■ Dataset extract:
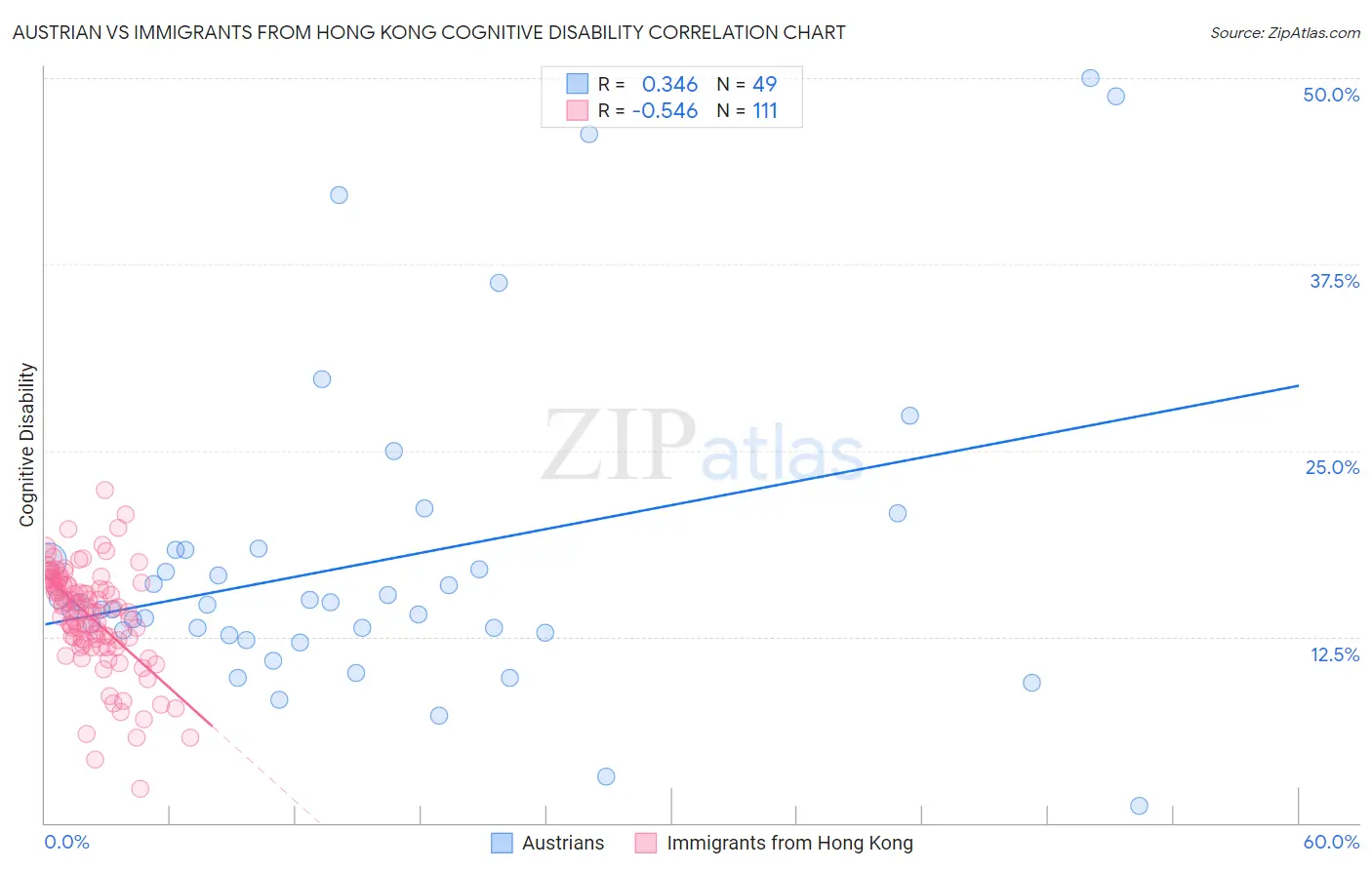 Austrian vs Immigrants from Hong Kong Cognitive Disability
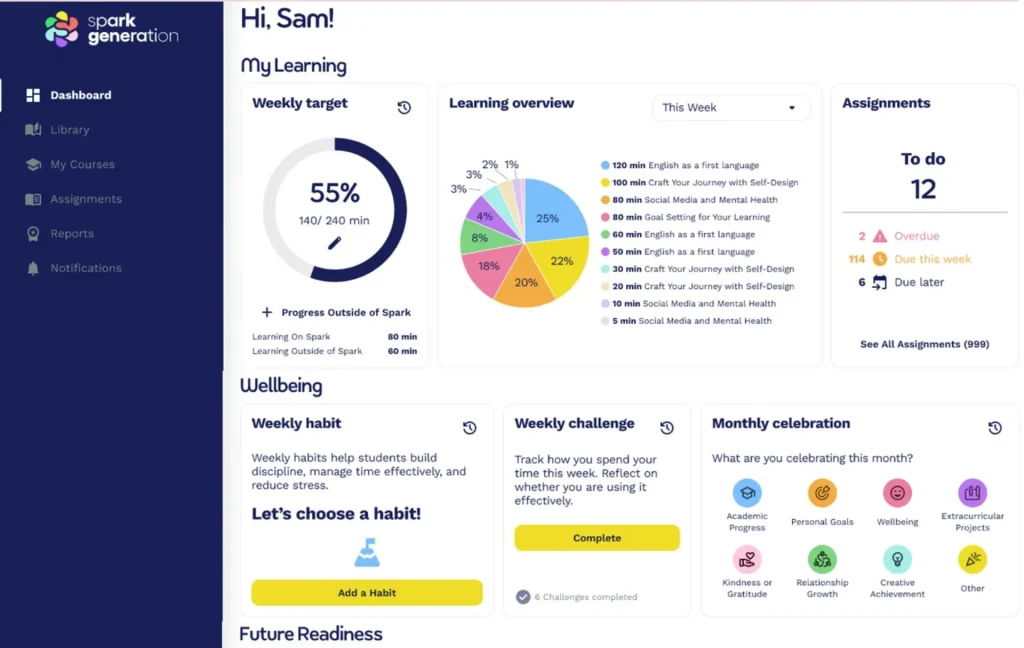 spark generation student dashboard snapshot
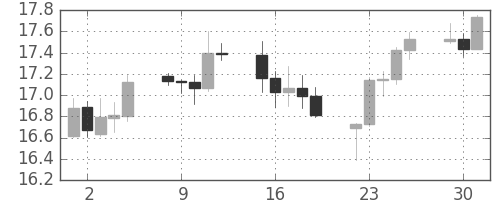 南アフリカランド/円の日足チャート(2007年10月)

■ Work item: With the pictures omitted, give every line above again exactly.

■ Result for this exercise:
 Austrian vs Immigrants from Hong Kong Cognitive Disability
 spark generation student dashboard snapshot
 南アフリカランド/円の日足チャート(2007年10月)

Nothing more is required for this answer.